For more than forty five years, from the end of World War II up until the Velvet Revolution , dozens of articles had been published regarding the international solidarity of fighters against fascism, about the heroic participation of Russians, Ukrainians, Czechs, Poles, Serbs, Frenchmen, Romanians even Hungarians and progressive Germans side by side with the Slovaks in the National Uprising. Only of its Jewish participants was there nary a mention. While in fact 1566 Jews had participated in the Slovak National Uprising with arms in hand, as the historian Ladislav Lipscher recently found out. A fifth of them fell directly in battle, died of their wounds or were tortured by the Fascists. An historical milestone of the armed entrance of young Slovak Jews was the start of the National Uprising – 29th August 1944. Back then the Jewish prisoners of the Sered, Novaky and Vyhne camps, designated for transport to the camp of the ‘final solution’ were liberated.
There are three countries that I wouldn’t be able to live in. One of them is Germany. I spent four years there as a correspondent, but I wouldn’t be capable of living there permanently. After the war I was dogged by a question that I always asked myself when I met some German of my age. I could never keep from asking myself what that person had been doing during the war. Fifteen years after the war I even went to have a look at Auschwitz – Birkenau. An oppressive feeling fell upon me there, and memories surfaced. I’m not able to forget. You can’t forget the Shoah – maybe it’s possible to forgive, but you can’t forget such horrors. I agree with Eli Wiesel , who claims that an incomparable, dense, unusual quiet rules in Birkenau. A second country where I wouldn’t be capable of living are the United States. I’ve never developed a taste for the American way of life, food or culture. And the third country is Israel. It’s probably going to sound cynical, but I think that I’ve got the right: I had my fill of Jews during the war. The worst experience was to see Orthodox Jews in the camp, who prayed, and then I saw them stealing from the others.
During this year’s Chanukkah I received an honor – I was invited to light the Chanukkah candles, I was the seventh in line. It made me very happy, it was a real honor. At the gathering I also read a text, which I had written at home beforehand. I’m not a poet, I’ve always been a journalist and solely a writer of prose, but I found one quotation from the composer Ludwig van Beethoven [1770–1827], and I got an idea.
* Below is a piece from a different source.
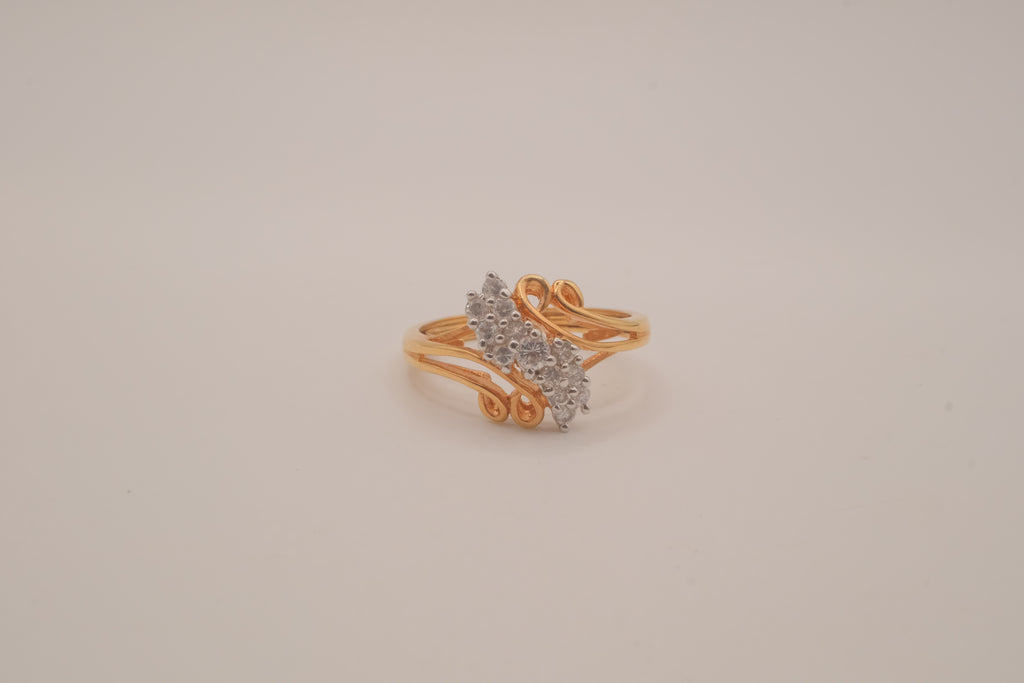 Gold tone rhinestones cluster openwork ring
So at the Chanukkah gathering I presented the following:
Within the scope of pre-holiday contemplation, I happened upon a noteworthy quote by the almighty Ludwig van Beethoven on the theme ‘what is love.’ Here is the genius’s somewhat prosaic opinion. ‘Love means to decide unconditionally for a certain type of imperfection.’ Somewhat immodestly I’ve taken the liberty to confront this quote with my own experiences. In rhyme, even, here:
Often and long I’ve groped my way in life’s history, from defeat to victory, and from victory to defeat. Until I got married. After all it’s over a half century that I’m with the same girl. And we’ve got, if you please, two daughters and five grandchildren as well, I the eternal wanderer, am not certain, in which of both extremes, whether in victory or defeat, have I actually till life’s end moored.
Once upon a time I had tried to write poems for my wife, but back then she slandered me horribly, that she didn’t like them, that they were horrible. And so the whole sixty years that my wife and I have been together I’ve never written any poem for fear of her. This is actually the first after sixty years. But I’ve got to say, that everyone liked it very much. When I think about my life, full of dramatic reversals of fortune, full of escapes and tragedies, in the end I have to admit that I’ve managed a lot of good things after all. My wife and I have managed to raise two decent daughters. The older, Maja is a translator and the younger, Eva, is a chemical engineer, teacher of IT and Judaism lecturer. We have five grandchildren. I think that my sense of humor has been inherited by at least one granddaughter – a beautiful young blonde. She wears a t-shirt with a slogan written across her breasts: ‘I’m a natural blonde. Speak slowly, please.’ I think that she’s inherited my life’s philosophy from me – the most important thing is to not take life, nor oneself, too seriously!